### Assignment:
Quote exactly and only this range of lines in the data below: the line that holds "INDOMINI R441 1Lembar" to the line that holds "thumbnail image 3", both included.

[Stored dataset items]
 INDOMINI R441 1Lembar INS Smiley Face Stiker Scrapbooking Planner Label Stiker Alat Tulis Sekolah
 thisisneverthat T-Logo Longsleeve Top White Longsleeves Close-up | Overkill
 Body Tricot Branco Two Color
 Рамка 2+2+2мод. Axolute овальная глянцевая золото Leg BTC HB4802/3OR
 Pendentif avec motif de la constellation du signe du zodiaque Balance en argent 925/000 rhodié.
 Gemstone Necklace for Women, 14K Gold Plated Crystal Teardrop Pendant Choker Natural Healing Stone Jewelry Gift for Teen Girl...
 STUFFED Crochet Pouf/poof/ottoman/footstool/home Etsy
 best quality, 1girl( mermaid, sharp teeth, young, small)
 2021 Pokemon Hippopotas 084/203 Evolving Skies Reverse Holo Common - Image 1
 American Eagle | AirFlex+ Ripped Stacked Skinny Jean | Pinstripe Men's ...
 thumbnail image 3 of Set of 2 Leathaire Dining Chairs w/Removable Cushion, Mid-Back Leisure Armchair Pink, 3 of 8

--

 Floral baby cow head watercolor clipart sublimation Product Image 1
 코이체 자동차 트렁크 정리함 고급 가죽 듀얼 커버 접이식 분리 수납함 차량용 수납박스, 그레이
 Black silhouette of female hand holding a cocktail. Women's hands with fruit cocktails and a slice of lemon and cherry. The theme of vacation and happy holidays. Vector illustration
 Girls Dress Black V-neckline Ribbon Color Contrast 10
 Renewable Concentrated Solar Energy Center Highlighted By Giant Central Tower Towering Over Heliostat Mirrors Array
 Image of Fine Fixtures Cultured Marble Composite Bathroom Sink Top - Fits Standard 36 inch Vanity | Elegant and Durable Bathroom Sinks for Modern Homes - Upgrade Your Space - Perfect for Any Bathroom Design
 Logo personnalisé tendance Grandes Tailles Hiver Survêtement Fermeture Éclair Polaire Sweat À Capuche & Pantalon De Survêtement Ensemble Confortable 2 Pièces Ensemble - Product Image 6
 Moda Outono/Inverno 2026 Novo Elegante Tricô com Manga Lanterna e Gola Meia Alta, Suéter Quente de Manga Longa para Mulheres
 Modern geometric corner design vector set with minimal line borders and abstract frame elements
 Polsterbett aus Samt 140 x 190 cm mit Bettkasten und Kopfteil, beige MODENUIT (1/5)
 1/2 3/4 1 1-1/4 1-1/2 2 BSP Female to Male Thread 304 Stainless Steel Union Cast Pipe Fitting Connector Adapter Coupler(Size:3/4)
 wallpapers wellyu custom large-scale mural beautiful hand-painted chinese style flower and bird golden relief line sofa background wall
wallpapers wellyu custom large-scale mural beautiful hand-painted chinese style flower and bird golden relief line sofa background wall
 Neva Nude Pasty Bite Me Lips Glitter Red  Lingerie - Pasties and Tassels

### Written answer:
 INDOMINI R441 1Lembar INS Smiley Face Stiker Scrapbooking Planner Label Stiker Alat Tulis Sekolah
 thisisneverthat T-Logo Longsleeve Top White Longsleeves Close-up | Overkill
 Body Tricot Branco Two Color
 Рамка 2+2+2мод. Axolute овальная глянцевая золото Leg BTC HB4802/3OR
 Pendentif avec motif de la constellation du signe du zodiaque Balance en argent 925/000 rhodié.
 Gemstone Necklace for Women, 14K Gold Plated Crystal Teardrop Pendant Choker Natural Healing Stone Jewelry Gift for Teen Girl...
 STUFFED Crochet Pouf/poof/ottoman/footstool/home Etsy
 best quality, 1girl( mermaid, sharp teeth, young, small)
 2021 Pokemon Hippopotas 084/203 Evolving Skies Reverse Holo Common - Image 1
 American Eagle | AirFlex+ Ripped Stacked Skinny Jean | Pinstripe Men's ...
 thumbnail image 3 of Set of 2 Leathaire Dining Chairs w/Removable Cushion, Mid-Back Leisure Armchair Pink, 3 of 8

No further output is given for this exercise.